Limitation in Contribution Claims: Spire Healthcare Ltd v Nicholas Brooke [2016] EWHC 2828

 

In this case the court considered whether or not an interim payment triggered the start of the two-year period for commencing contribution proceedings based on s.10(4) of the Limitation Act 1980.

 

The original claim was for negligence brought by a patient against a hospital and the surgeon, Mr Brooke, who had operated upon him. On 18 November 2011, the hospital offered to settle the claim together with costs on the understanding that it would seek a 50% contribution from the surgeon. It also offered, pending assessment of damages, to make an interim payment. A consent order to that effect was then signed by all three parties on 25 November 2011. Quantum was then agreed on 24 June 2013.

 

The hospital then issued contribution proceedings against Mr Brooke on 5 March 2015.

 

S.10(1) of the Limitation Act 1980 states:

 

Where under section 1 of the Civil Liability (Contribution) Act 1978 any person becomes entitled to a right to recover contribution in respect of any damage from any other person, no action to recover contribution by virtue of that right shall be brought after the expiration of two years from the date on which that right accrued’.

 

The date on which a right to recover contribution accrued is ascertained either by the date a judgment is given in any civil proceedings or an award is made on any arbitration which holds the person in question liable for the damage.

 

S.10(4) of the Limitation Act 1980 states:

 

If, in any case not within subsection (3) above, the person in question makes or agrees to make any payment to one or more persons in compensation for that damage (whether he admits any liability in respect of the damage or not), the relevant date shall be the earliest date on which the amount to be paid by him is agreed between him (or his representative) and the person (or each of the persons, as the case may be) to whom the payment is to be made’.

 

The preliminary issue in relation to limitation in this case was:

  1. whether a voluntary interim payment amounted to "mak[ing] or agreeing to make, [of] any payment...in compensation for the damage" within s.10(4) of the 1980 Act so as to trigger the start of the two-year limitation period under that section;

The surgeon submitted that the date of the interim payment offer was when the right to recover contribution had accrued i.e 18 November 2011 and as such time had run out for the hospital to bring this contribution claim on 18 November 2013. He based this on the language of section 10(4) which he said was clear in saying that the trigger date is the date on which ‘the amount to be paid by him is agreed’. That phrase, in turn, he said, refers back to the amount of ‘any payment…in compensation for that damage’. The key word is ‘any’ in ‘any payment’. An agreed interim payment, as made in the present case, is such a payment ‘in compensation for that damage’. That it is intended to be covered by section 10(4) is confirmed by the use of the word ‘any’. If section 10(4) had been intended to cover only final quantification of damages, there would have been no need for the word ‘any’.

 

Spire submitted that under both s.10(3) and s.10(4) it was important to distinguish between a) the circumstances in which a person becomes entitled to a right to contribution and b) the date on which that right accrues. It claimed that the first part of s.10(4), the words ‘makes or agrees to make any payment to one or more persons in compensation for that damage’, defines the circumstances, but it is the second part, the words ‘the earliest date on which the amount to be paid by him is agreed’, which is the trigger date for the commencement of limitation.

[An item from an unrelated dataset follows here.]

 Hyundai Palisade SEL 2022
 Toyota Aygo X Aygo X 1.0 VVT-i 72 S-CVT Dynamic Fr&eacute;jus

The ‘amount to be paid by him’ must mean, it said, to be paid ‘in compensation for the damage’ and that must be the full amount to be paid in full compensation for the damage. As such, it was Spire’s case that, limitation ran from the date of agreement of final quantum i.e. 24 June 2013 and so limitation did not expire until June 2015 and as the claim was brought on 5 March 2015, the claim was in time.

 

Mr Justice Morris, sitting in the High Court agreed with Spire’s interpretation of the legislation and rejected Mr Brooke’s submission that s.10(4) covered an agreed interim payment. He stated that the provision was concerned with the date of agreement of ‘the’ settlement sum, which meant the final overall figure, rather than agreement of sums towards a final figure. There should be a parity of approach to the meaning of ‘the relevant date’ for limitation purposes as between s.10(3) and s.10(4) of the 1980 Act. Under the predecessor to s.10(4), namely the Limitation Act 1963 s.4(2)(b), an interim payment would not have been covered. Section 10 substantially reproduced s.4 of the 1963 Act even though the wording was materially changed; there was no suggestion that the change in wording had been intended to change the trigger date. Not even a court order for an interim payment would start time running under s.10. Furthermore, the word ‘any’ in the first part of s.10(4) did not mean that a consensual interim payment was the trigger date under s.10 in circumstances where a court-ordered interim payment was not. Where limitation legislation was intended to cover the effect of a part payment, it would say so expressly. The ‘relevant date’ for the purposes of s.10(4) was therefore 24 June 2013 and proceedings had been issued within the two-year limitation period.